3.3.6.2 Registrar may charge an annual fee, not to exceed US$10,000, for such bulk access to the data.
So, in theory, you are able to go to each registrar and ask it to provider "bulk whois access" which means more or less a complete dump of data, but:
- as written in contract above, it can be costly (there are more than 1000 registrars, and since you can not know in advance where a domain is registered, you will need to get all of them)
- data will not be fresh
- as for zonefiles below, it is not a live query/reply, you will need to download all the data, store it, process it and use it.
Zonefiles (gTLDs)
Again this mostly applies to gTLDs for reasons explained just after, but see next section for other cases.
This does not allow you for live queries as you need to download the data (once per day if you want to be fresh), store it somewhere on your infrastructure, and in a format that is relevant for the queries you need to do after (an RDBMS might not be the best storage here).
But this is the "easiest" and widest solution to your problem.
Per their contract with ICANN, all gTLDs registries are mandated to give free access to their zonefiles. A zonefile will contain all published domain names under the given TLD. This is a subset of all registered names (difficult to say by how much, but in the range of single digit percentage, if even so), because you can register a domain names without nameservers (hence it is not published) or the domain can be put "on hold" for various reasons and hence disappear from the zonefile. So you will get the same amount of false negative as when using live DNS queries: you will get no data (NXDOMAIN in fact) for some domains, but in fact they are registered (and hence not available for registration again).
So all starts there: https://www.icann.org/resources/pages/czds-2014-03-03-en
and the help section for users: https://czds.icann.org/help
You will need to create an account, sign a contract that outlines what you can and can not do with this data, and then you will be able to download daily zonefiles per TLD. Most, if not all gTLDs, put their zonefiles there. It may exist some doing differently, so you will need to search.

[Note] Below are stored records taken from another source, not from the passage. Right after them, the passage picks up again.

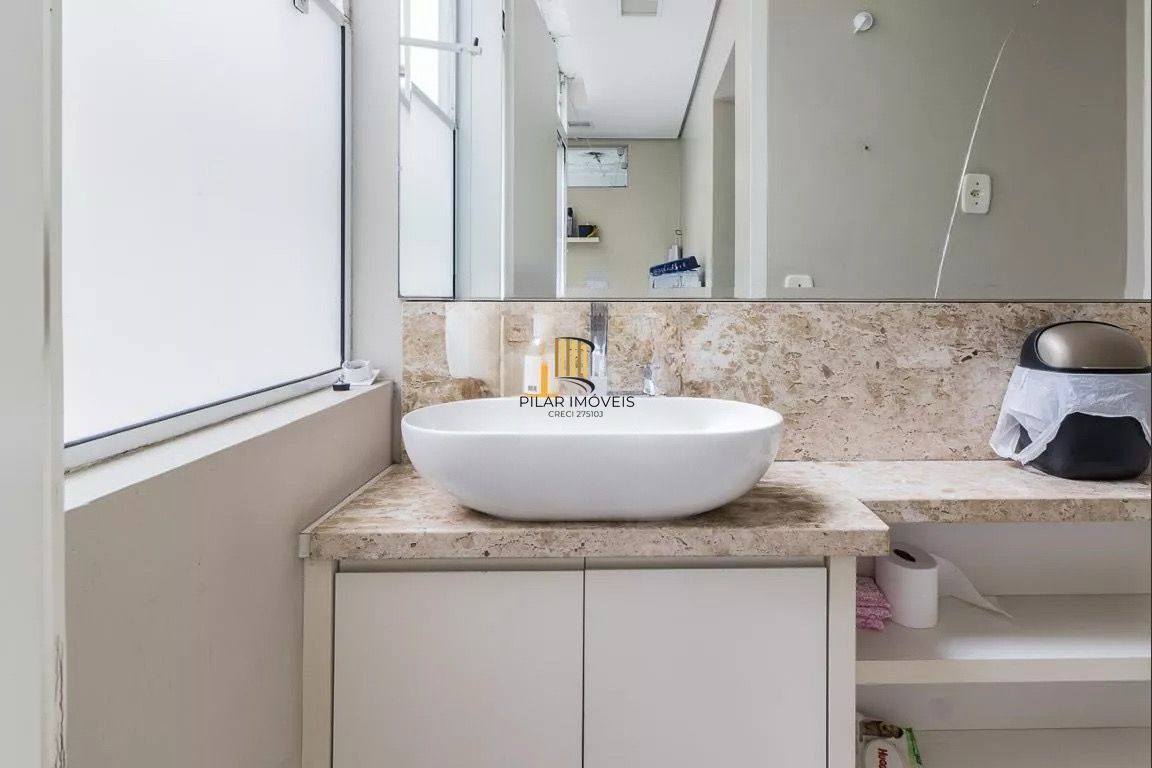 Apartamento 3 dormitórios no bairro Farroupilha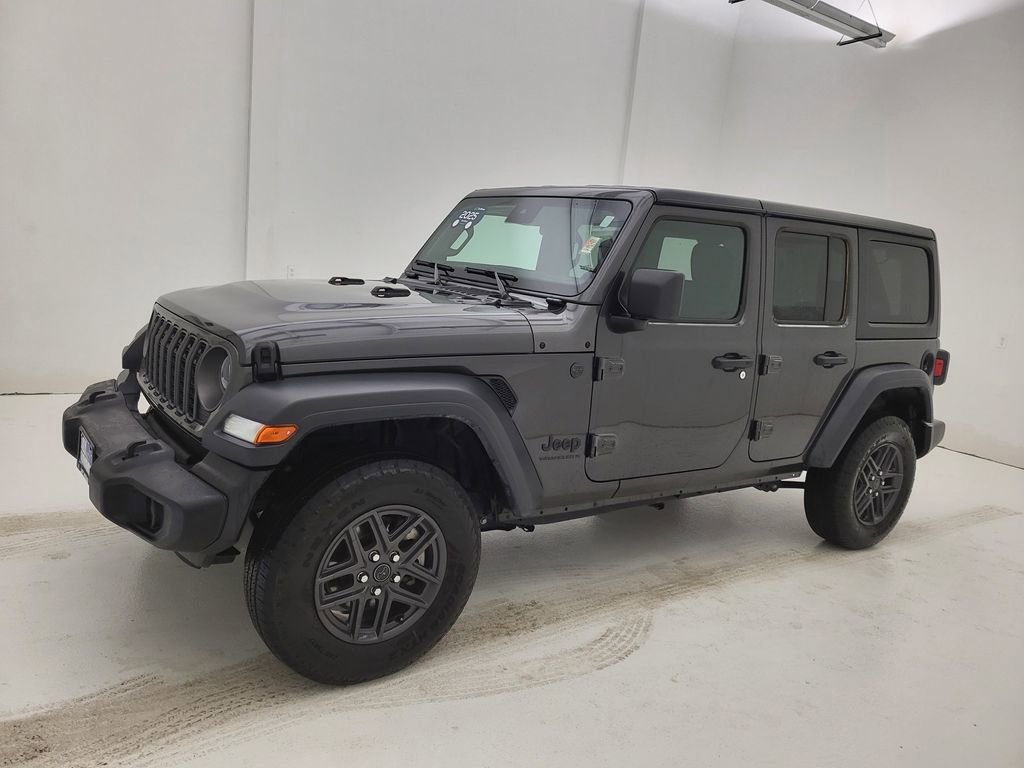 Used 2025 Jeep Wrangler Sport S image 19
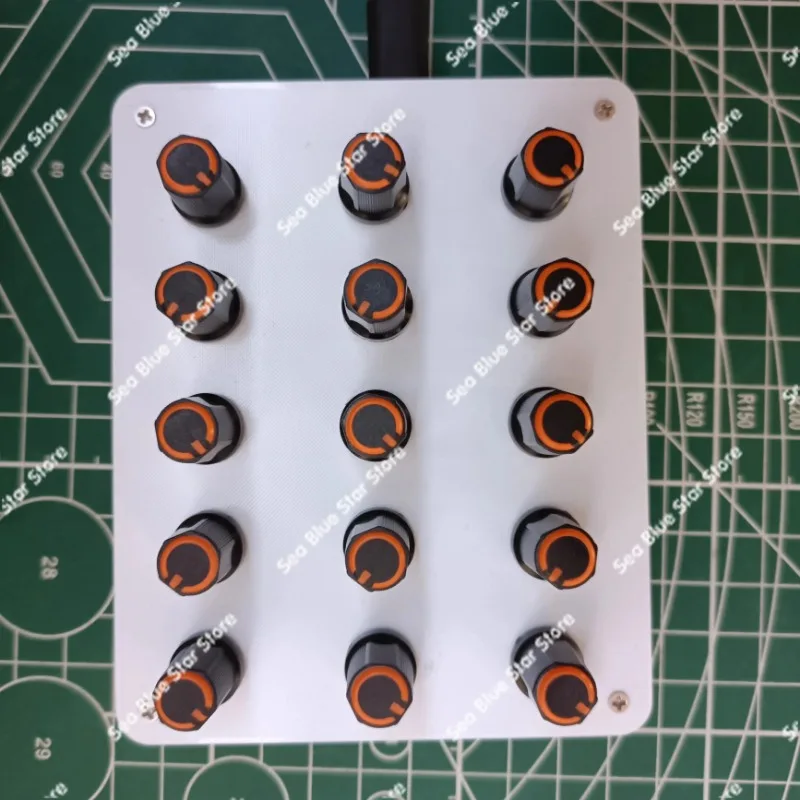 Фото Контроллер MIDI с 15 настраиваемыми ручками, USB-C интерфейсом, поддержкой CC-сигналов, регулировкой громкости и программным обеспечением для музыкального хостинга №4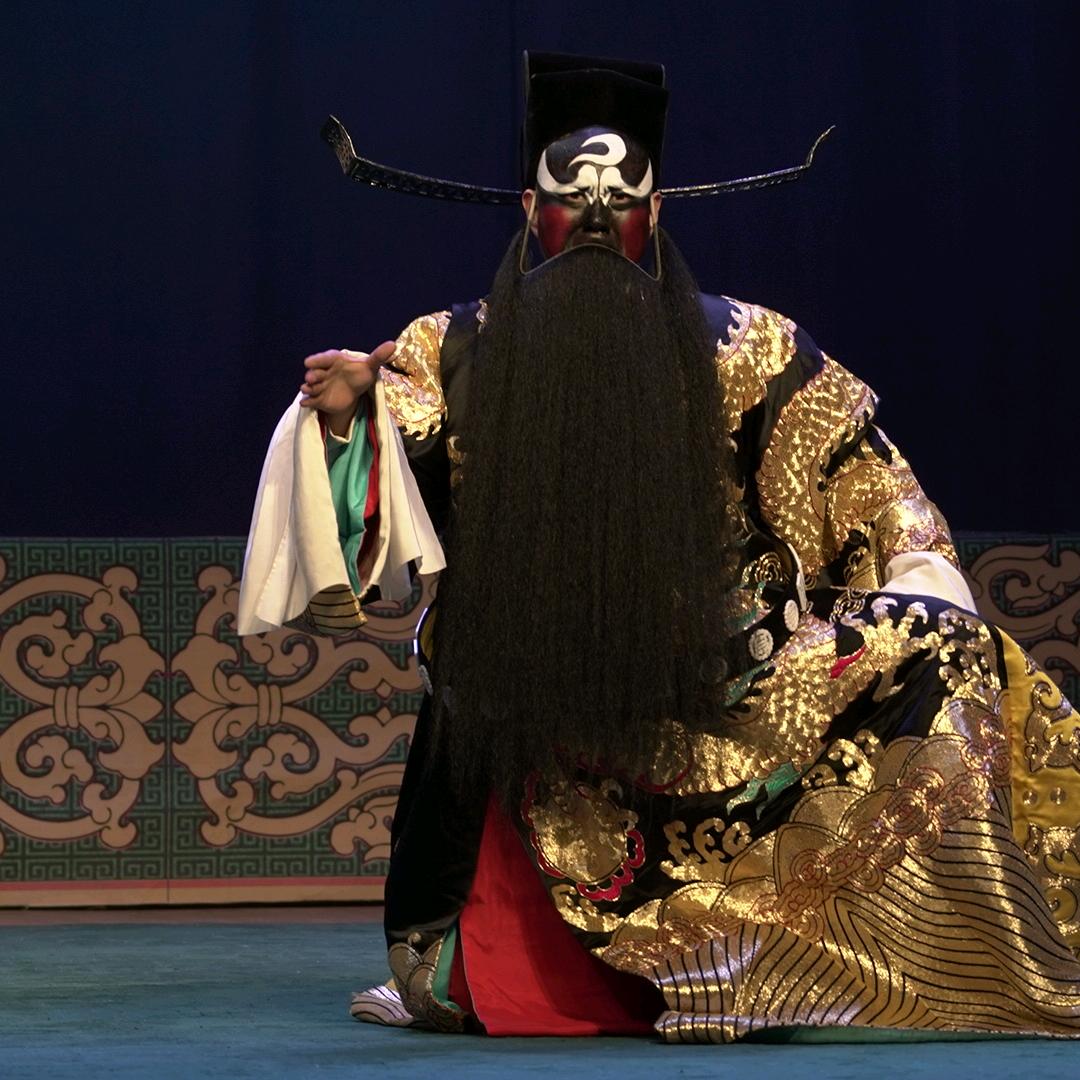 豫净   焜鹏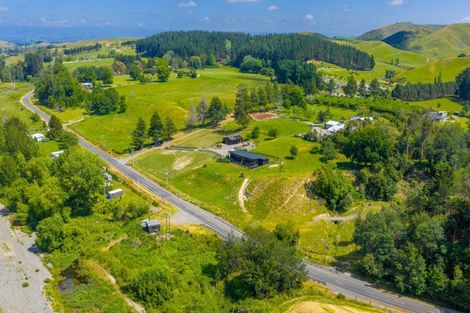 Photo of property in 4 Cemetery Road, Waipawa, 4273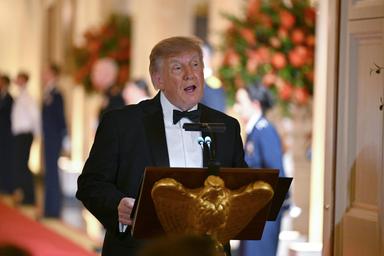 Trump, 'incontro molto produttivo con Xi, accadranno cose straordinarie'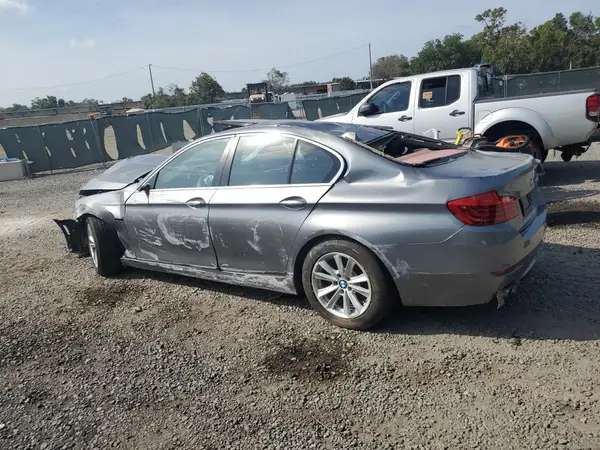 WBA5A5C57GD526780 2016 BMW 5ER - Image 2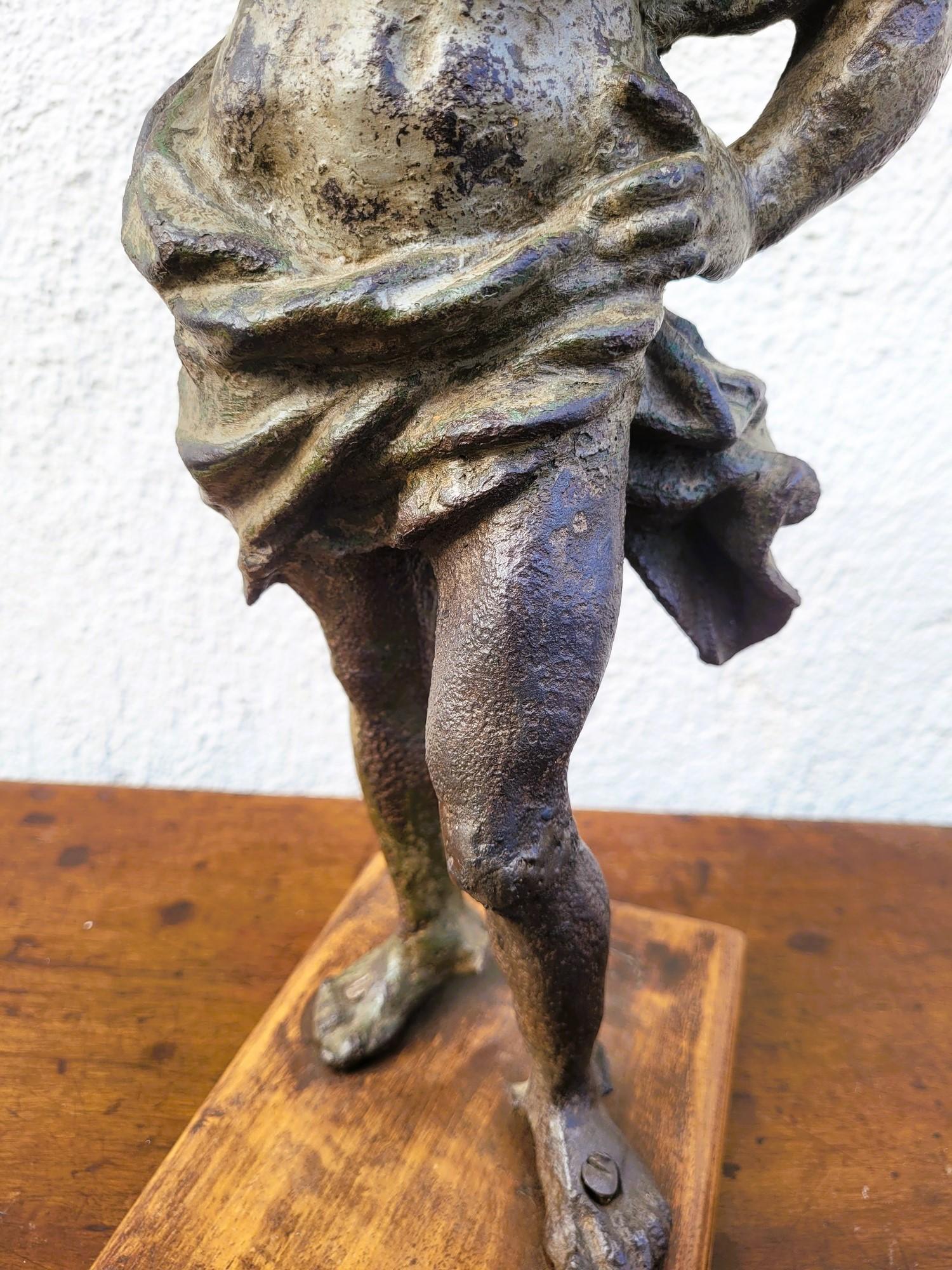 Greco-romano Statua di Mercurio in ghisa in vendita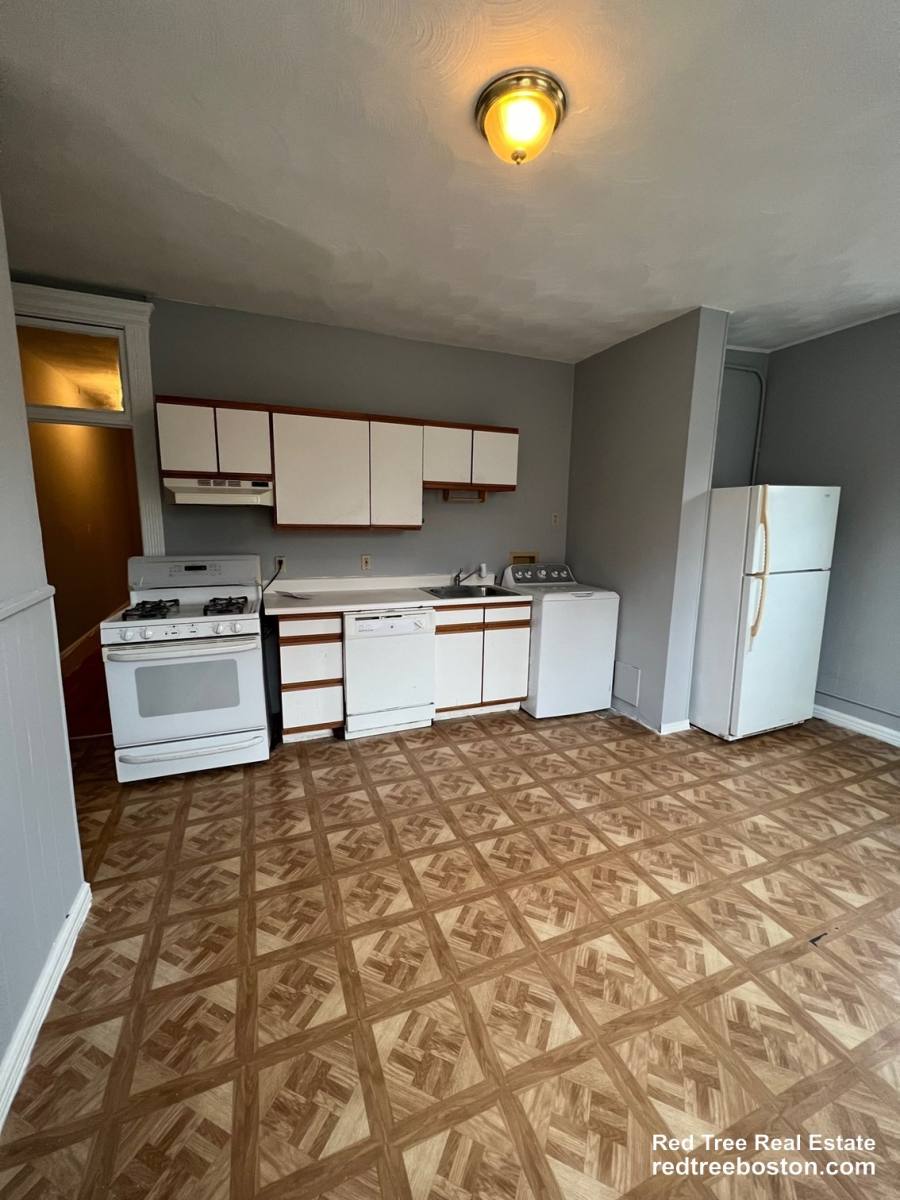 Apartment for rent at 137 Chiswick St #6, Brighton, MA 02135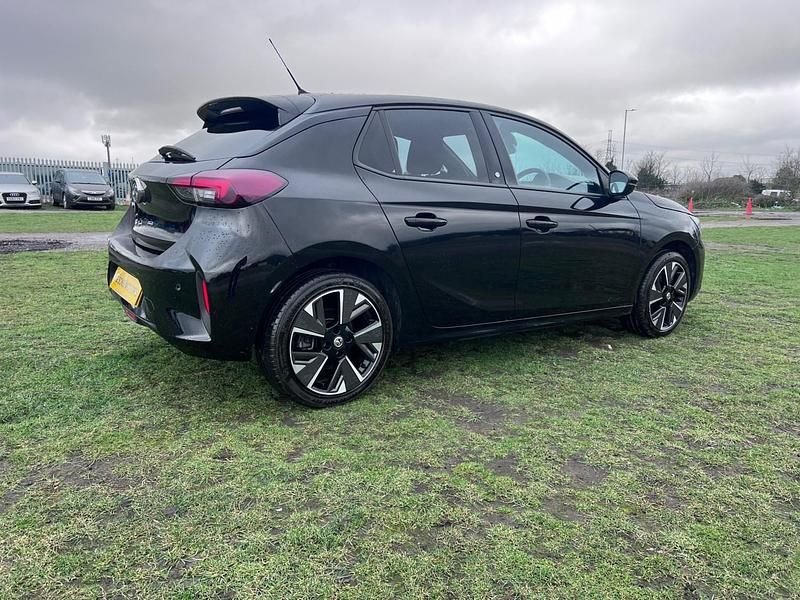 Usado Vauxhall Corsa-e 100 kW (136 HP) 2023 Preto Citadino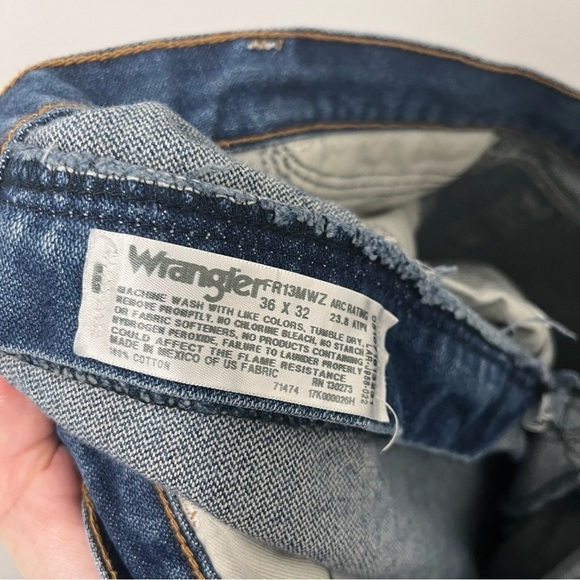 Wrangler 13 Original Flame Resistant Jeans. Size 36x32 - Picture 6 of 15
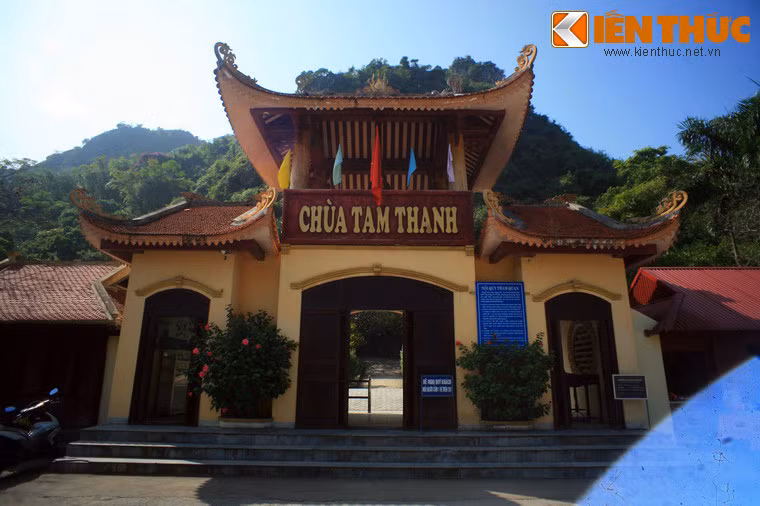 Nằm ở phường Tam Thanh Thành phố Lạng Sơn, tỉnh Lạng Sơn, chùa Tam Thanh có từ thời nhà Lê, là ngôi chùa cổ danh tiếng bậc nhất xứ Lạng.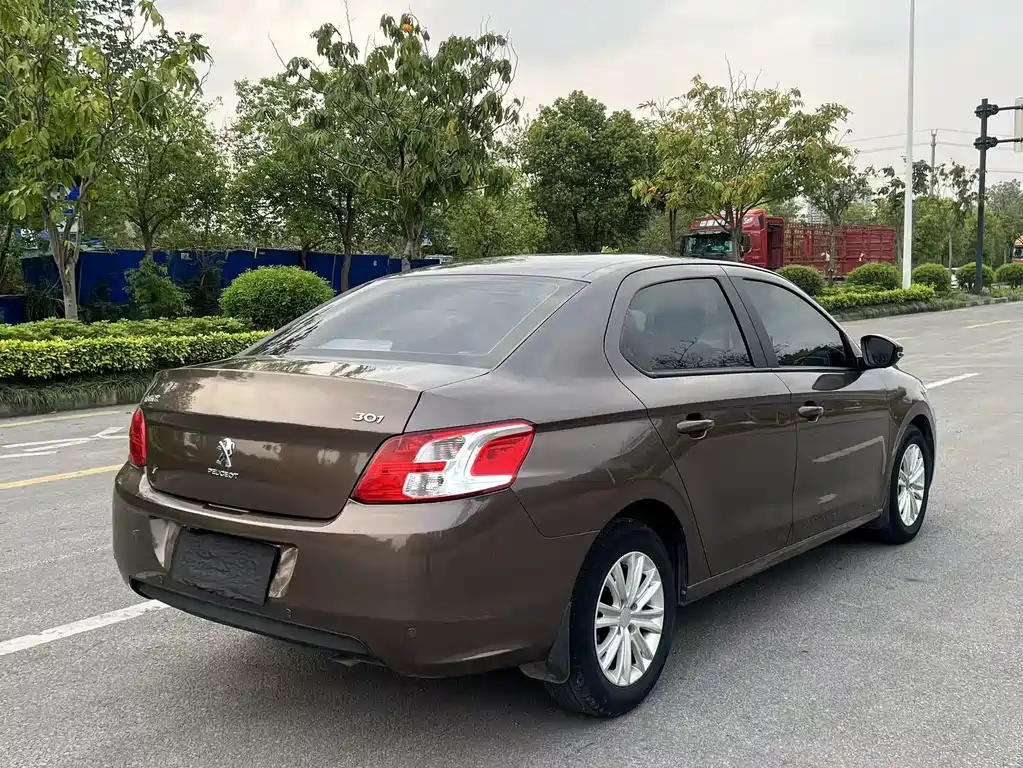 Peugeot Peugeot 301 2016 1.6L Manual Comfort Edition 2016 - thumbnail 6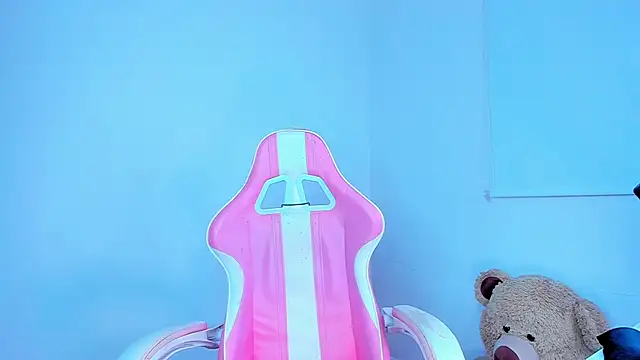 Ariana_f Chat XXX in diretta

A zonefile will be in DNS "master zonefile" format. So you will see DNS records in them. You need to handle only the "NS" one, and you will see all domain names. You will need to make sure to normalize them (casing, final dot, etc.) as the content can vary from one file to another.
Once you have a daily list of domain names, you can apply any tool you want to search in them, including regular expressions. Be cautious however on the CPU and RAM constraints you can create, depending on how you store the data. The raw .com
zonefile is 13GB for example.
Comparing with live DNS queries, the biggest drawback is that it is not live (data may be as much as 24 hours old) and you need to download the files before being able to do anything you want, but the biggest benefit is that you have the list of "all" domains locally, hence you can apply much more powerful tools to search in them.
Zonefiles (non gTLDs)
Outside gTLDs, that is in ccTLDs, it is rare to have full zonefiles available, because many ccTLD operators believe it is proprietary or publicly identifiable data and that no one has valid business getting this, hence it is not available.
There are however counter examples:
PS: creative use of search engines (see the site:
modifier for example) can also help; of course they see only existing websites and a domain name can totally be registered but not having a website resolving on it.